A Budget supporting economic growth, which small and medium-sized enterprises will welcome.
This is a Budget squarely aimed at supporting growth in the economy, which small and medium-sized enterprises will welcome. There are a range of measures to encourage business investment and innovation.
The government has chosen to focus on growth to pay back debts rather than tax rises or spending cuts – and this is exactly what KPMG Enterprise’s pre-budget survey of our clients found they wanted.
There are two main stimulus measures, which have been extended for another 12 months, which is quite a surprise but a very pleasant one. First the temporary full expensing for depreciable assets – or instant asset Write-off scheme, sometimes known as the ‘tradie tax relief’, but also available to large businesses turning over up to $5 billion. This is a big incentive for businesses to invest in equipment and technology. More than 99 percent of businesses, employing more than 11 million workers, will be allowed to deduct the full cost of eligible capital assets until June 30, 2023, which is great news, and we are seeing a lot of interest in this.
The Loss Carry-Back Tax Offset which allow businesses with domestic turnovers capped at $5 billion to write off COVID-19-induced losses against previous profits, will also be extended to include the 2022-23 income year. Its slightly too early yet to see the effect of this but it will be positive. Taken together these two tax measures worth a combined $20.7 billion by 2024-25, and Treasury estimates will create as many as 60,000 jobs by the end of 2022-23.
There are other welcome measures to increase Australia’s potential for innovation. Taxpayers will be able to self-assess the tax effective useful life of eligible intangible depreciating assets, such as in-house software, patents, registered designs, and copyrights for purchases after 1 July 2023. This will help businesses match the costs with the period in which they will benefit, and hence will make innovation more likely. However, I expect we will see some disagreements between businesses and the ATO in terms of write off rates.
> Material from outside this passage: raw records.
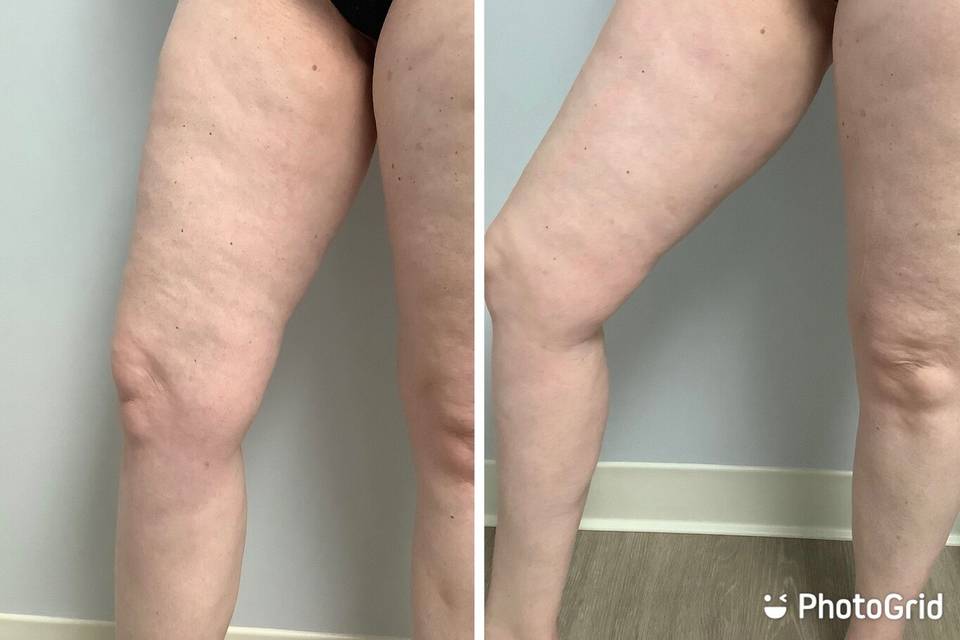 California Body Contouring
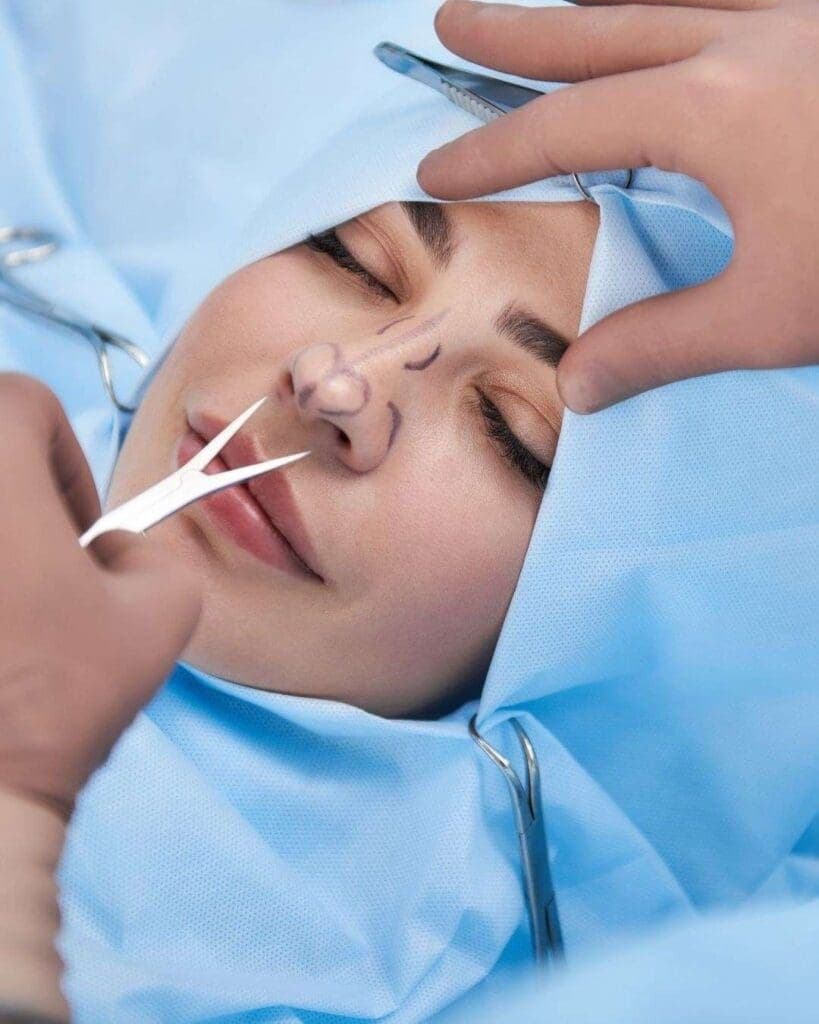 Procedimiento de rinoplastia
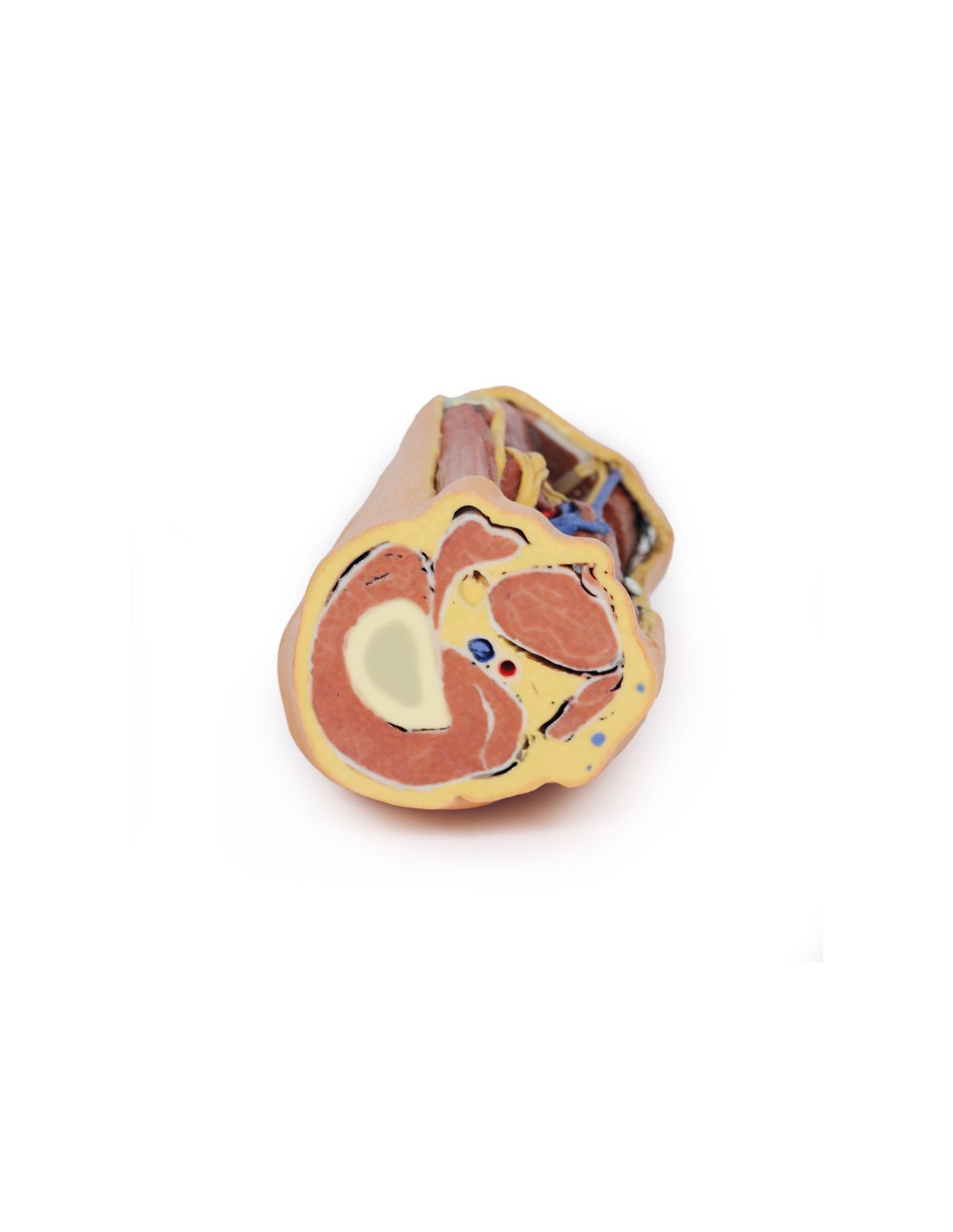 Fossa Poplitea con distale della... Fossa Poplitea con distale della...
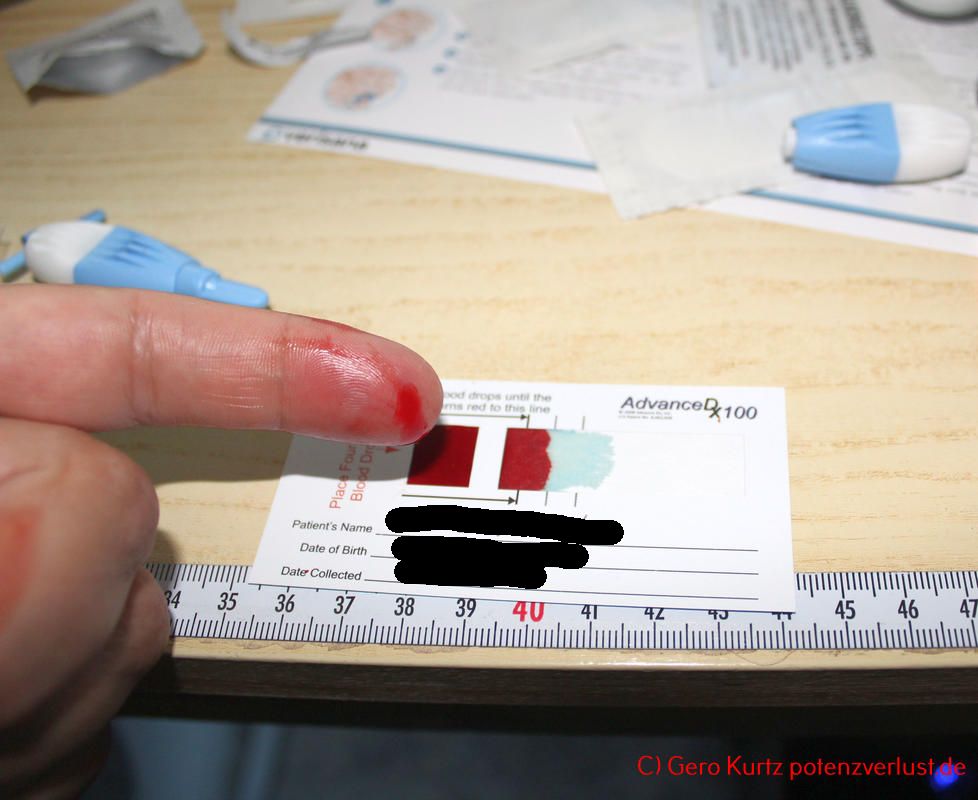 PSA-Test von Verisana - benutzte Blutkarte 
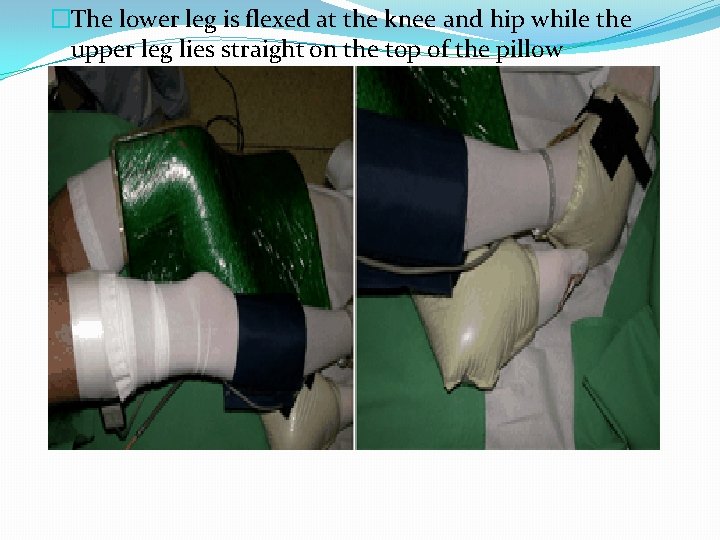 �The lower leg is flexed at the knee and hip while the upper leg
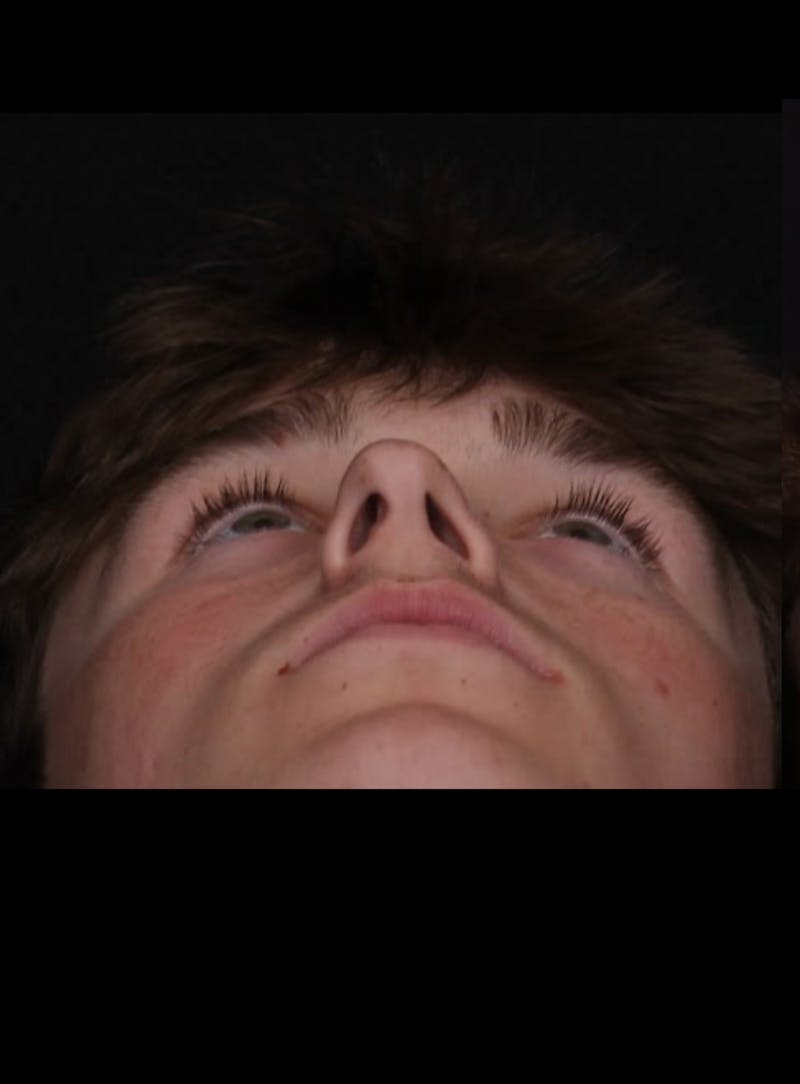 Rhinoplasty Male Before & After Gallery - Patient 391921 - Image 7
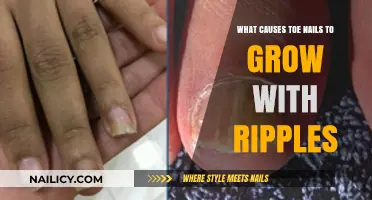Toe Nail Texture: What's Causing Those Ripples?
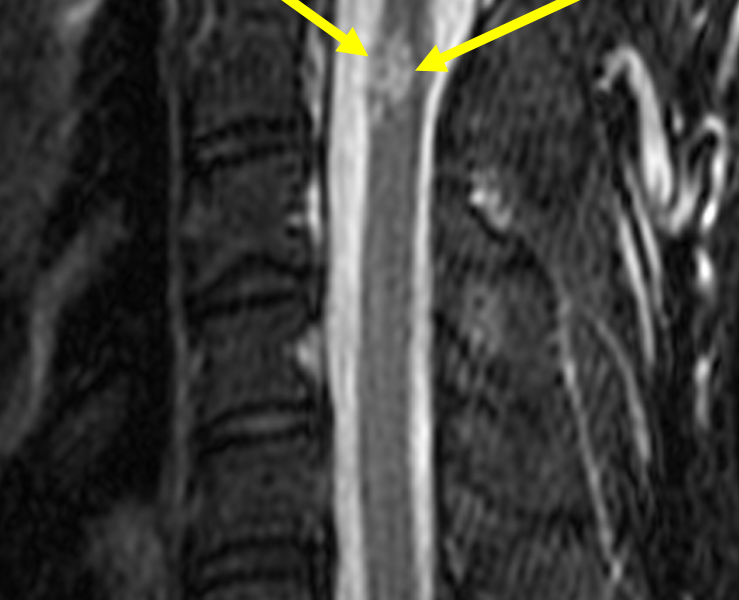 B. Sagittal STIR image shows the mass (arrows) to be predominantly hyperintense with punctate areas of low signal, creating a “mulberry” appearance.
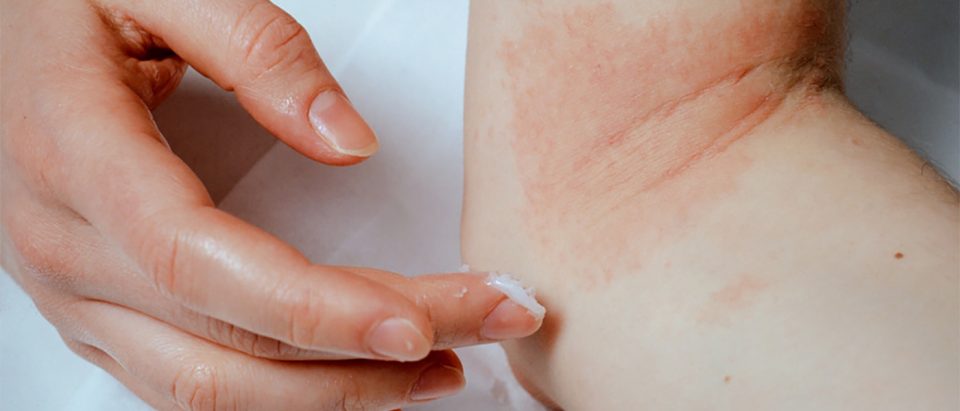 Psoriasis-en-gouttes
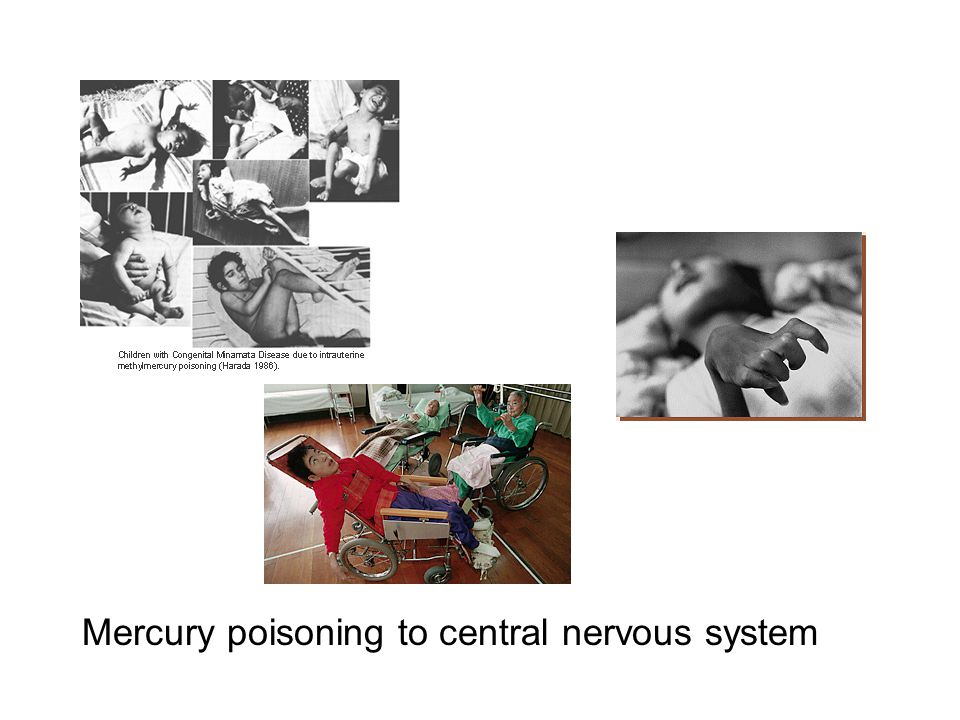 Mercury poisoning to central nervous system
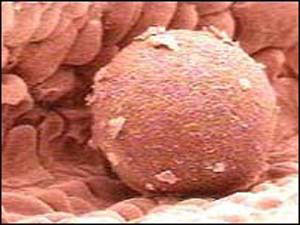 تشخیص زود‌هنگام سرطان تخمدان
In terms of specific industries, a new ‘Patent Box’ tax regime will enhance Australia’s attractiveness for investment and innovation in the medical and biotechnology industries, with a new concessional corporate tax rate of 17 percent applying to royalty/licensing income derived from Australian owned and developed medical and biotechnology patents. The Government will also consider whether the measure could support Australia’s renewable energy sector. It is encouraging to see the government going down this road, where other countries currently lead the way – this marks an important step toward keeping commercialisation of Australian innovations in this country.
The Budget confirms the government’s commitment to the R&D Tax Incentive, but falls short of introducing quarterly credits or a new software development tax incentive as recommended by the Senate. A new specialised 30 percent refundable tax offset for digital games development will be welcomed, although the $500,000 threshold on qualifying expenditure will limit its application. Despite this, changes to allow self-assessment of the depreciation of intangibles, including IP and in-house software, will help reduce the effective cost of software development and thus should help the IT industry as a whole.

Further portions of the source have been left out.